One of the most important social cognitive skills in humans is the ability to “put oneself in someone else’s shoes,” that is, to take another person’s perspective. In socially situated communication, perspective taking enables the listener to arrive at a meaningful interpretation of what is said (sentence meaning) and what is meant (speaker’s meaning) by the speaker. To successfully decode the speaker’s meaning, the listener has to take into account which information he/she and the speaker share in their common ground (CG). We here further investigated competing accounts about when and how CG information affects language comprehension by means of reaction time (RT) measures, accuracy data, event-related potentials (ERPs), and eye-tracking.
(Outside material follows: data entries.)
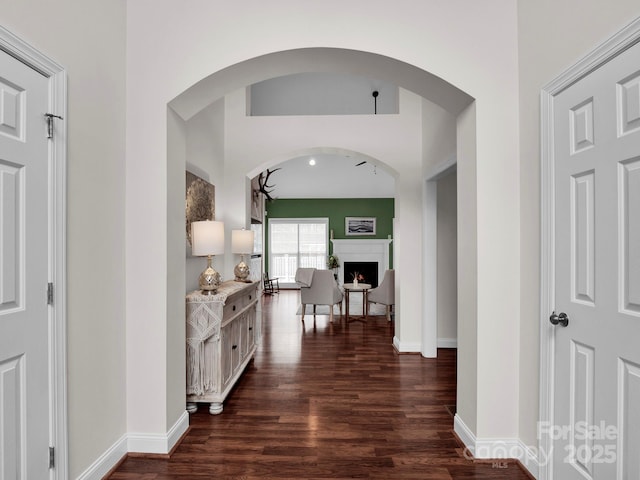 hall with dark wood finished floors, arched walkways, and baseboards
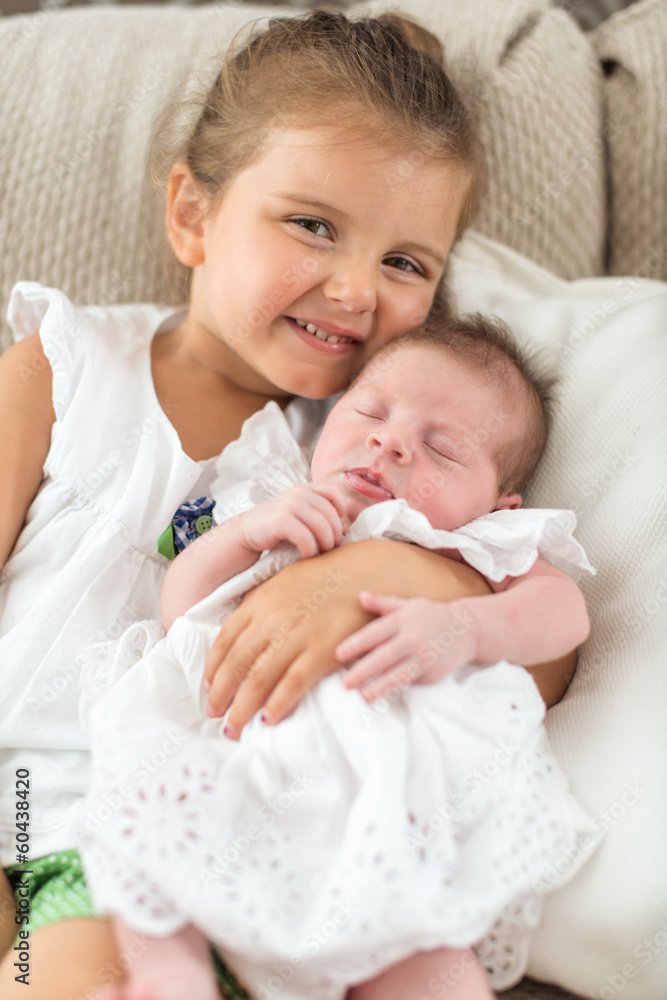 Newborn in a christening dress sleeping in sister Newborn in a christening dress sleeping in sister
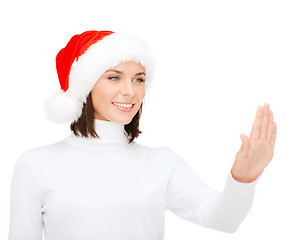 Image showing woman in santa helper hat pressing vitrual button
Early integration accounts would predict that CG information is considered immediately and would hence not expect to find costs of CG integration. Late integration accounts would predict a rather late and effortful integration of CG information during the parsing process that might be reflected in integration or updating costs. Other accounts predict the simultaneous integration of privileged ground (PG) and CG perspectives. We used a computerized version of the referential communication game with object triplets of different sizes presented visually in CG or PG. In critical trials (i.e., conflict trials), CG information had to be integrated while privileged information had to be suppressed. Listeners mastered the integration of CG (response accuracy 99.8%). Yet, slower RTs, and enhanced late positivities in the ERPs showed that CG integration had its costs. Moreover, eye-tracking data indicated an early anticipation of referents in CG but an inability to suppress looks to the privileged competitor, resulting in later and longer looks to targets in those trials, in which CG information had to be considered. Our data therefore support accounts that foresee an early anticipation of referents to be in CG but a rather late and effortful integration if conflicting information has to be processed. We show that both perspectives, PG and CG, contribute to socially situated language processing and discuss the data with reference to theoretical accounts and recent findings on the use of CG information for reference resolution.